The new modular design makes it really easy to implement.using the adafruit_midi and usb_midi libraries. We added a module to our project called neotrellis_midi.py. It exposes three methods:
- setup_midi() - sets up the module by creating an adafruit_midi.MIDI object
- send_note_on(idx) - sends a NoteOn message with requested note index
- and send_note_off()- sends a NoteOff message with requested note index
A couple module constants let the client application chose the midi channel and notes associated with the 16 keys. Simply edit these values and rerun the application. A fancier version might read them at runtime from a configuration file.
import usb_midi
import adafruit_midi
from adafruit_midi.note_on import NoteOn
from adafruit_midi.note_off import NoteOff
# constants for channel, velocity and notes to associate with keys
# caveat: programmers count channels from 0, normal folks count from 1
# you can see difference viewing midi traffic using
# https://www.kilpatrickaudio.com/apps/midiview/
# we send zero, it receives 0 but prints out 1
#
__midi_channel = 0
# 16 midi notes to associate with keypad by number
__midiNotes = [
60, 61, 62, 63,
64, 65, 66, 67,
68, 69, 70, 71,
72, 73, 74, 75,
]
__midi = None
def setup_midi():
global __midi, __midi_channel
# MIDI setup as MIDI out device
print("setup midi out device")
__midi = adafruit_midi.MIDI(midi_out=usb_midi.ports[1], out_channel=__midi_channel)
def send_note_on(idx):
global __midi
print("YO send_note_on", idx, __midi)
if __midi is None:
print("Midi not defined")
else:
print("send midi NoteOn ", idx, __midiNotes[idx], __midi)

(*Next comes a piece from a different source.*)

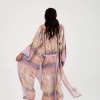 Vas Uzun Kimono Şal Desen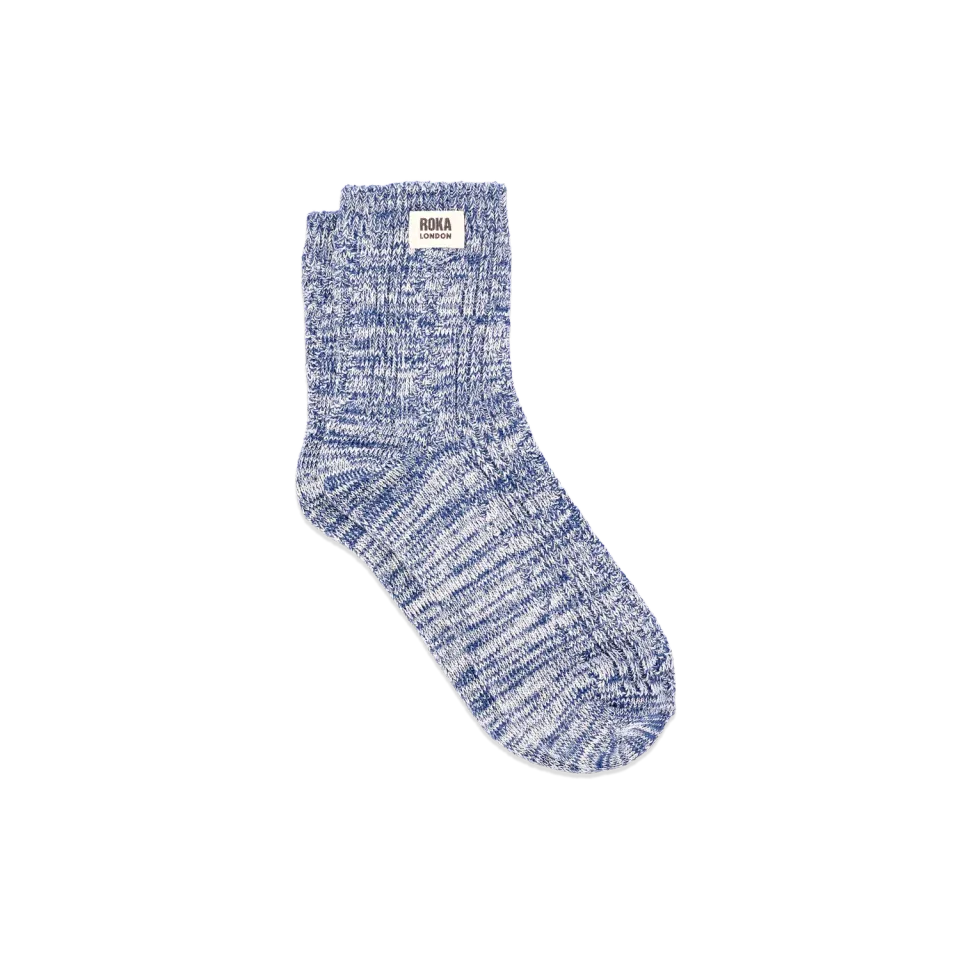 Roka London Wallace strømper Coastal Blue 36-42 dame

__midi.send(NoteOn(__midiNotes[idx], 120))
def send_note_off(idx):
global __midi
if __midi is None:
print("Midi not defined")
else:
__midi.send(NoteOff(__midiNotes[idx], 120))

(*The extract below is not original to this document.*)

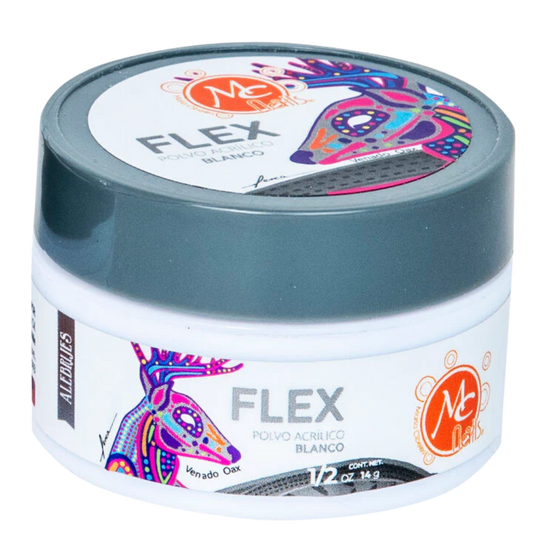 Uñas Acrílico FLEX 1/2 oz blanco MC Nails - Acrílico - Elegans Nails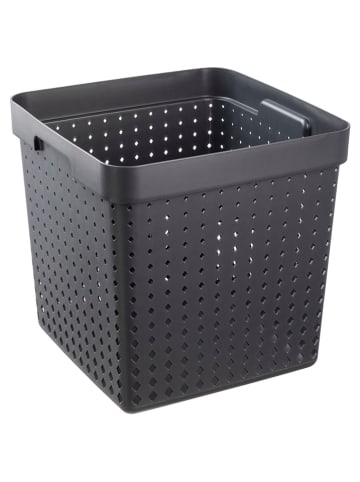 NHG Aufbewahrungskorb in Grau - (B)29,6 x (H)29,6 x (T)29,6 cm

print("send midi NoteOff ", idx, __midiNotes[idx])
That's all there is to the midi module. It is pretty simple with more data checking and print statements than real function stuff. Adding it to the rest of the application is also pretty simple - add four lines to the neotrellis_keypad.py module.
First add the import at the top
import neotrellis_midi
Then in setup_keypad(), call the setup_midi()
neotrellis_midi.setup_midi()
Then down in doKey(), we add lines to send NoteOn and NoteOff. In the NeoTrellis.EDGE_RISING block, we add
neotrellis_midi.send_note_on(event.number)
and then in the NeoTrellis.EDGE_FALLING block, we add
neotrellis_midi.send_note_off(event.number)
Thats it. The neotrellis will now send the midi commands.
You can use a midi enabled browser, like Google Chrome, to view MIDI traffic on the MidiView web page https://www.kilpatrickaudio.com/apps/midiview/
It is interesting to note that while we sending data on midi channel 0, the tool reports it as channel 1. This is because musicians and other normal people count from 1, while programmers start with zero. It is the 0 index into the array, right?
Anyway the neotrellis has now become a useful midi keypad device. yay!!